> [DATA FOR REVIEW]
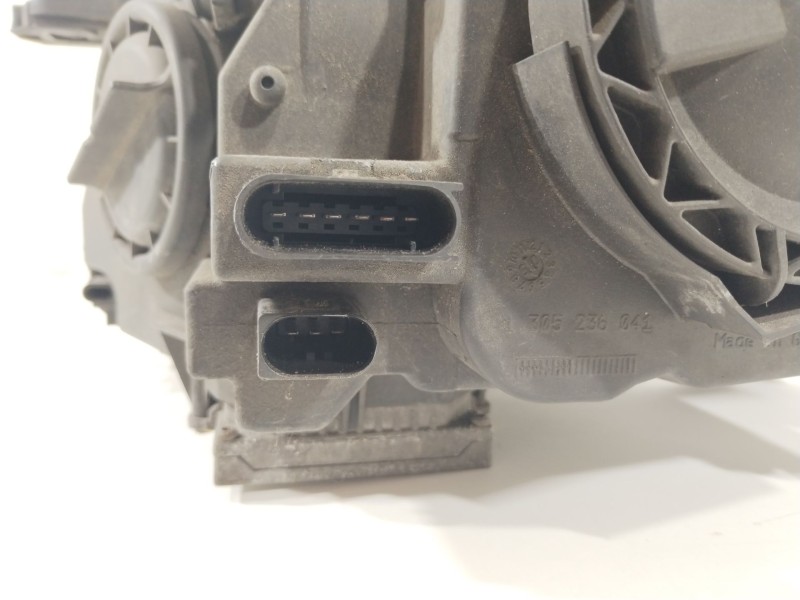 Recambio de faro derecho para mercedes-benz clase b (w245) 200 cdi (245.208) referencia OEM IAM A1698203861  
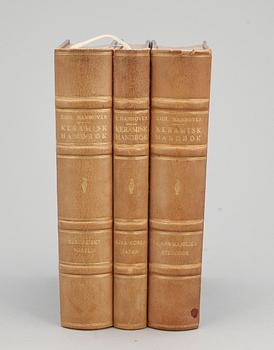 BOKVERK, 3 vol, "Keramisk handbok" av Emil Hannover, numr 511/750. Stockholm 1919-24.
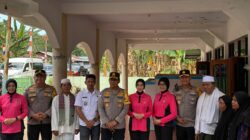 Wujud Kepedulian Pasca-Gempa, Kapolda NTT Tinjau Masjid Attaqwa Lokoboko dan Salurkan Bantuan Renovasi Rp100 Juta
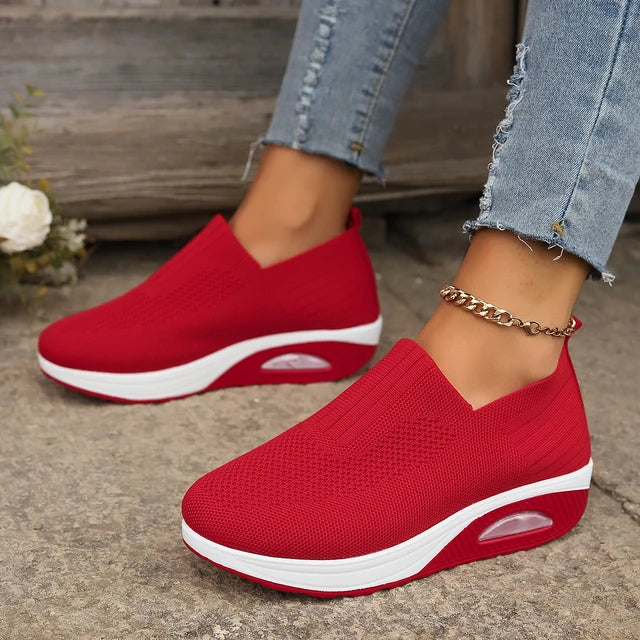 Zapatillas de deporte de malla transpirable para mujer, zapatos con cordones, suela suave, antideslizantes, informales, de moda de verano 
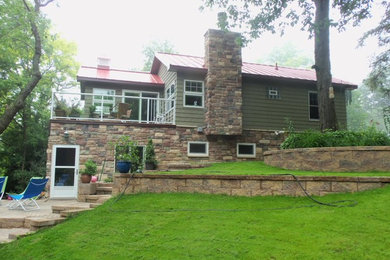 Arts and crafts exterior home photo in Detroit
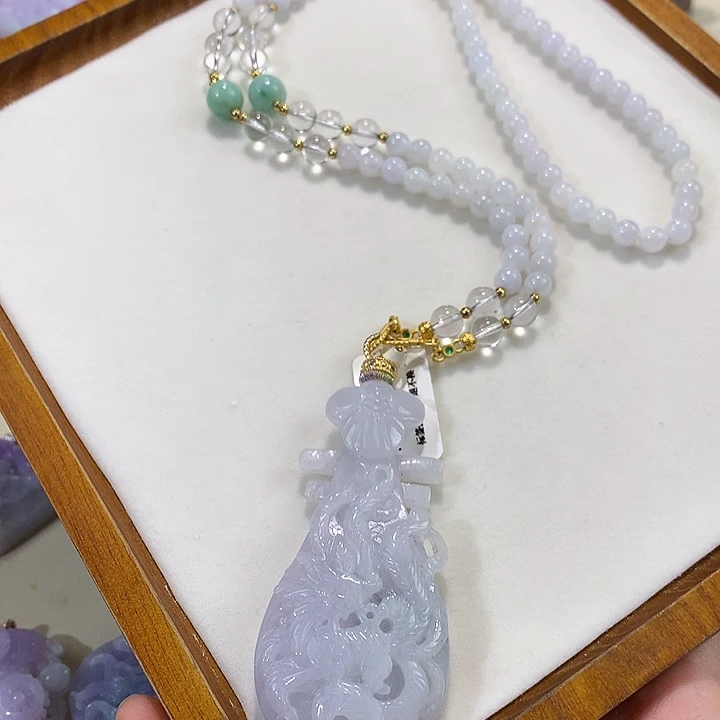 翡翠未镶嵌颈饰翡翠吊坠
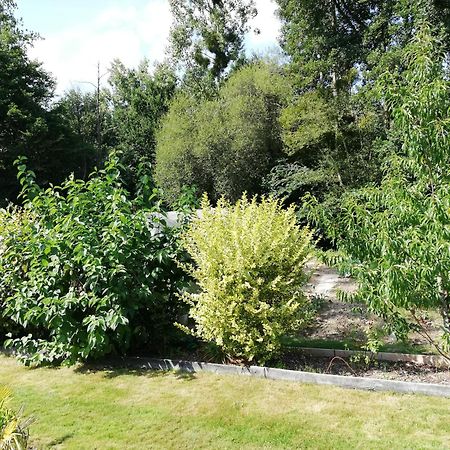Вилла Au Coeur Du Jardin La Boussac Экстерьер фото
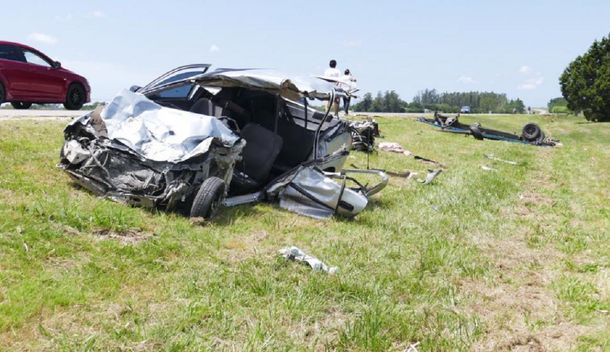 Tragedia en Uruguay: murieron ocho personas por un choque frontal en la ruta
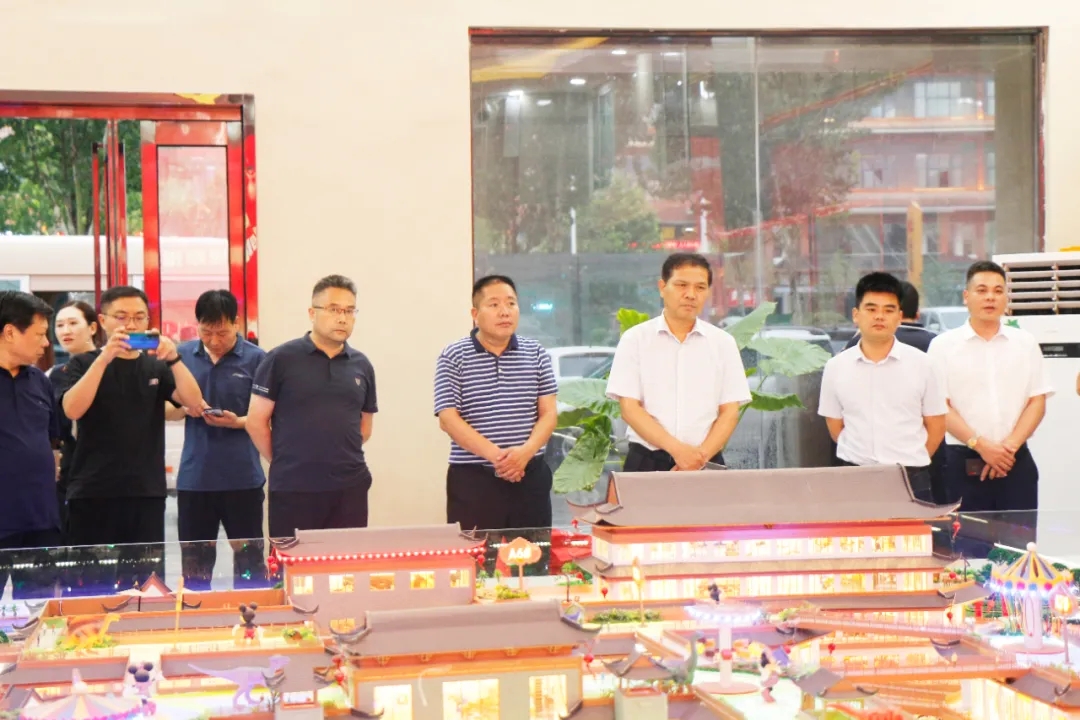 热烈欢迎汝州市领导莅临广亿旗下项目邓州不夜城观摩指导工作(图2)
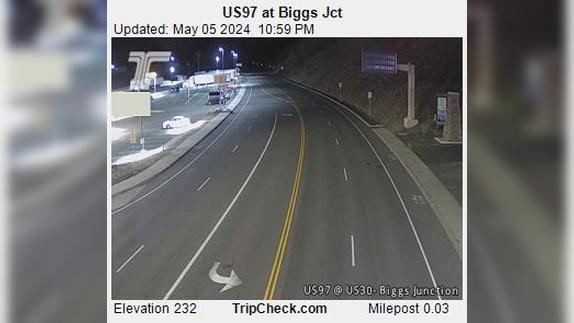 Traffic Cam Wasco: US97 at Biggs Jct Player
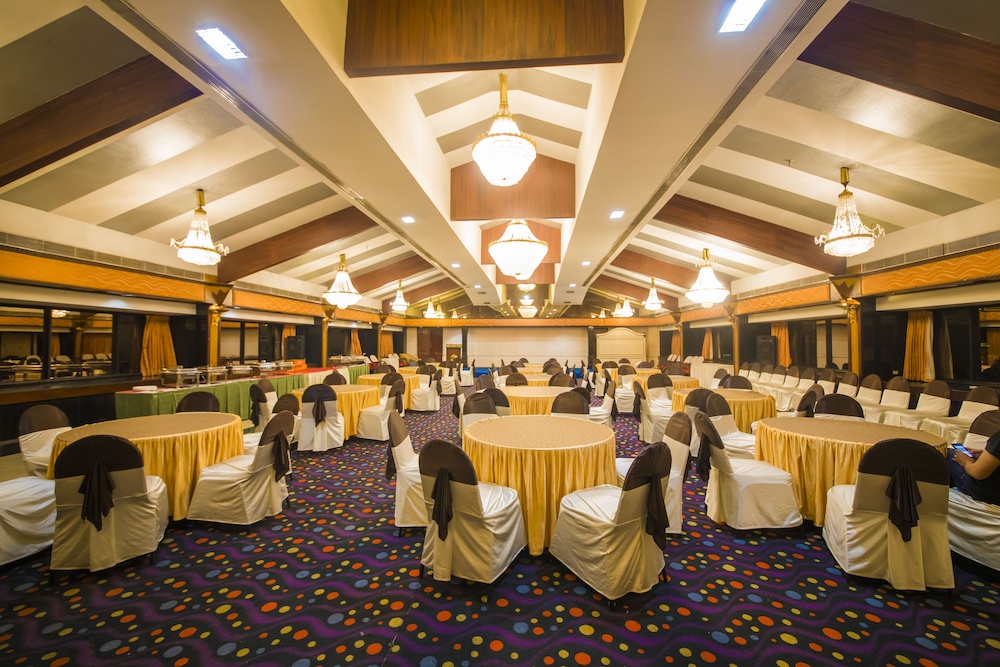 The Renai Cochin 34/43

> [WORK INSTRUCTIONS]
Omit all images when repeating the data above exactly.

> [ANSWER TO THIS TASK]
 Recambio de faro derecho para mercedes-benz clase b (w245) 200 cdi (245.208) referencia OEM IAM A1698203861  
 BOKVERK, 3 vol, "Keramisk handbok" av Emil Hannover, numr 511/750. Stockholm 1919-24.
 Wujud Kepedulian Pasca-Gempa, Kapolda NTT Tinjau Masjid Attaqwa Lokoboko dan Salurkan Bantuan Renovasi Rp100 Juta
 Zapatillas de deporte de malla transpirable para mujer, zapatos con cordones, suela suave, antideslizantes, informales, de moda de verano 
 Arts and crafts exterior home photo in Detroit
 翡翠未镶嵌颈饰翡翠吊坠
Вилла Au Coeur Du Jardin La Boussac Экстерьер фото
 Tragedia en Uruguay: murieron ocho personas por un choque frontal en la ruta
 热烈欢迎汝州市领导莅临广亿旗下项目邓州不夜城观摩指导工作(图2)
 Traffic Cam Wasco: US97 at Biggs Jct Player
 The Renai Cochin 34/43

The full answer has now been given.